Dropbox Sign Breach Exposes Customer Data - Cyber and Fraud Centre

Cloud storage giant Dropbox has recently disclosed a data breach affecting its eSignature service, Dropbox Sign (formerly HelloSign). The incident highlights the ongoing risks businesses and individuals face from cyber attacks, and the importance of proactive security measures.

How the Breach Happened

Threat actors gained access to a Dropbox Sign system configuration tool, which had elevated privileges within the platform. This allowed the attacker to access a customer database, exposing data including:

Email addresses
Usernames
Phone numbers
Hashed passwords
Account settings
Authentication information (API keys, OAuth tokens, multi-factor methods)
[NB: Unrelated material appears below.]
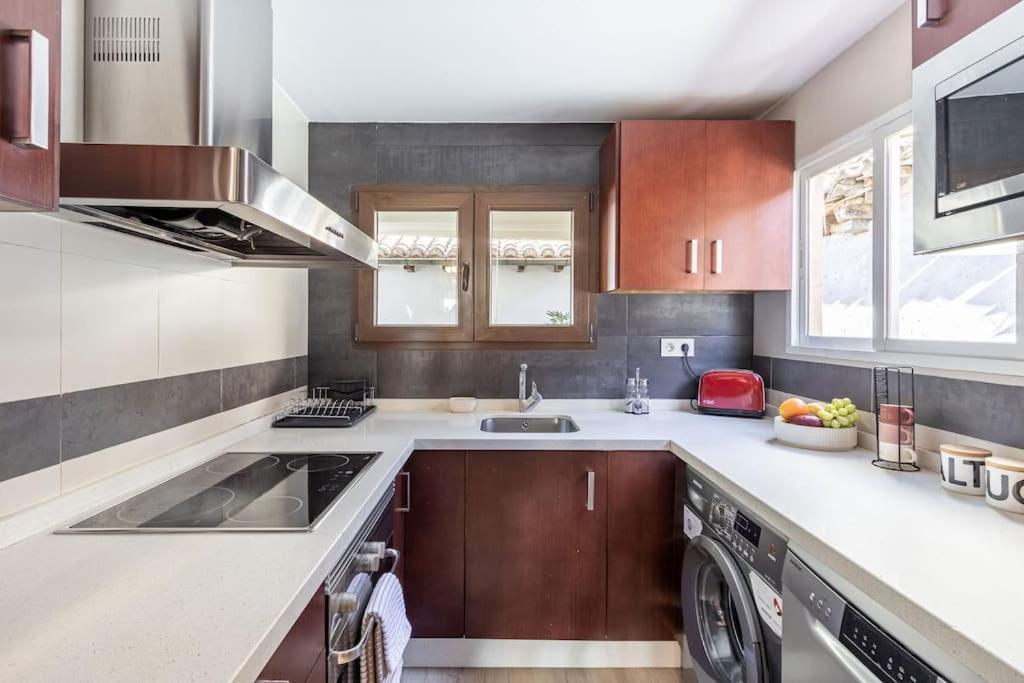 Apartamento Con Terraza A 4 Minutos De La Catedral Granada Exteriör bild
Crucially, Dropbox reports no evidence that customer documents or agreements were compromised. This breach emphasises how even service accounts (not directly associated with customers) can be targeted for valuable data exposure.

Impact and Response

Dropbox has addressed the situation by taking the following actions:

Resetting all affected user passwords
Logging out users from connected devices
Coordinating the rotation of authentication tokens
Working with law enforcement and data protection regulators

Customers impacted by the breach are being individually notified.
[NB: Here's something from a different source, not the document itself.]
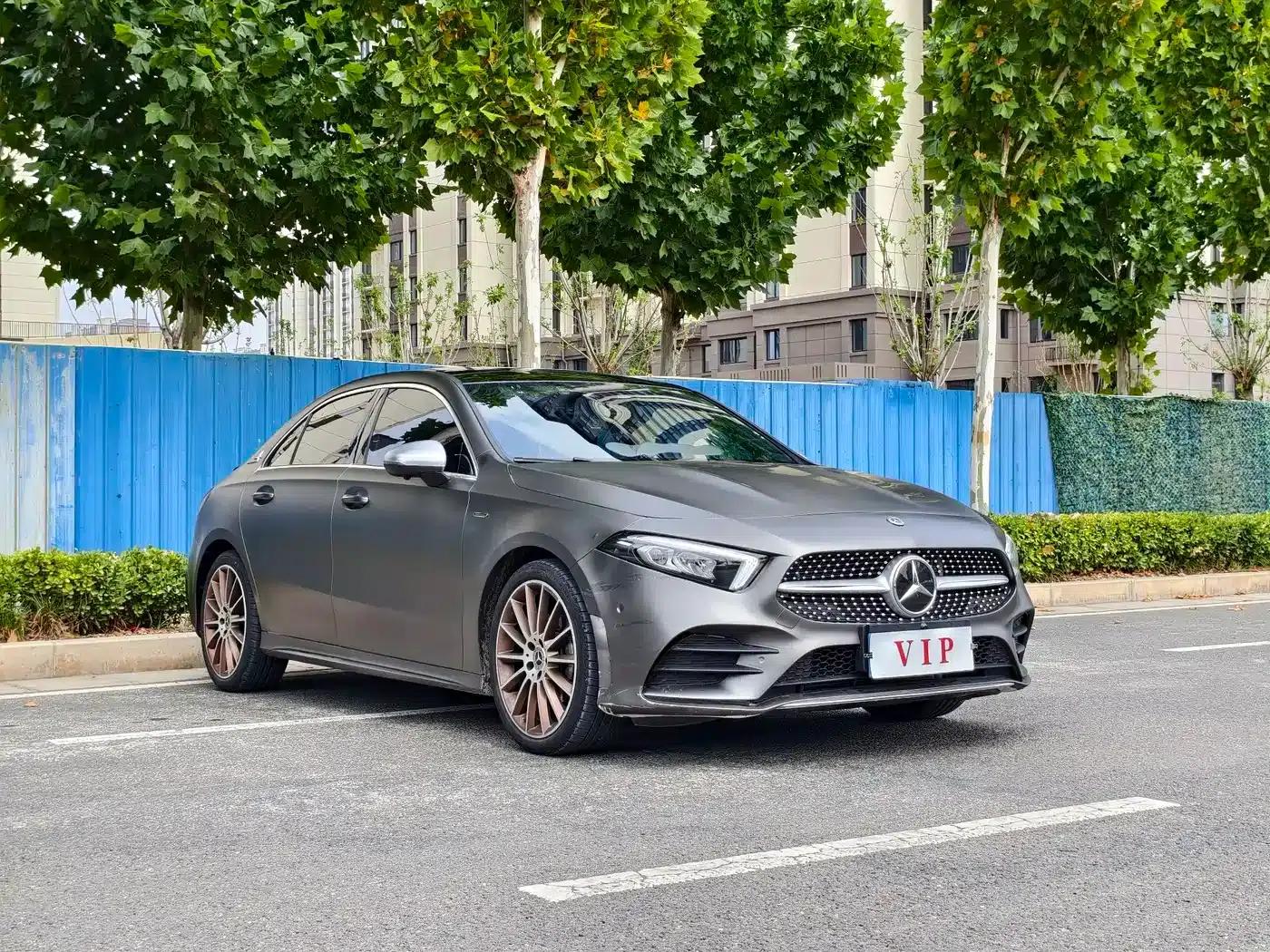 2019 Mercedes-Benz A-Class A 200 L Sport Sedan First Edition — миниатюра 3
Protecting Yourself and Your Business

While Dropbox has taken responsibility and is mitigating the situation, this breach underscores several preventative measures everyone can take:

Strong, Unique Passwords: Avoid reusing passwords across different services. A hacked service could expose credentials for others. Consider using a password manager to help keep track.
Multi-Factor Authentication (MFA): Enable this when possible, as it requires an additional element (e.g., a code generated on an authorised app) when logging in, making account takeover harder.
Be Vigilant: Be sceptical of unexpected emails or requests for password changes, even if they appear to be from a legitimate service. When in doubt, navigate to the website directly rather than clicking links.
Regular Software Updates: Update your operating system, apps, and security software promptly to address identified vulnerabilities.
For Businesses: Conduct regular security audits and employee training. Restrict privileges for accounts to only necessary functions.

Staying Secure in the Digital Age

Cyber security threats are constantly evolving. Staying informed and practicing good digital hygiene are essential to minimise your risk of falling victim to future attacks.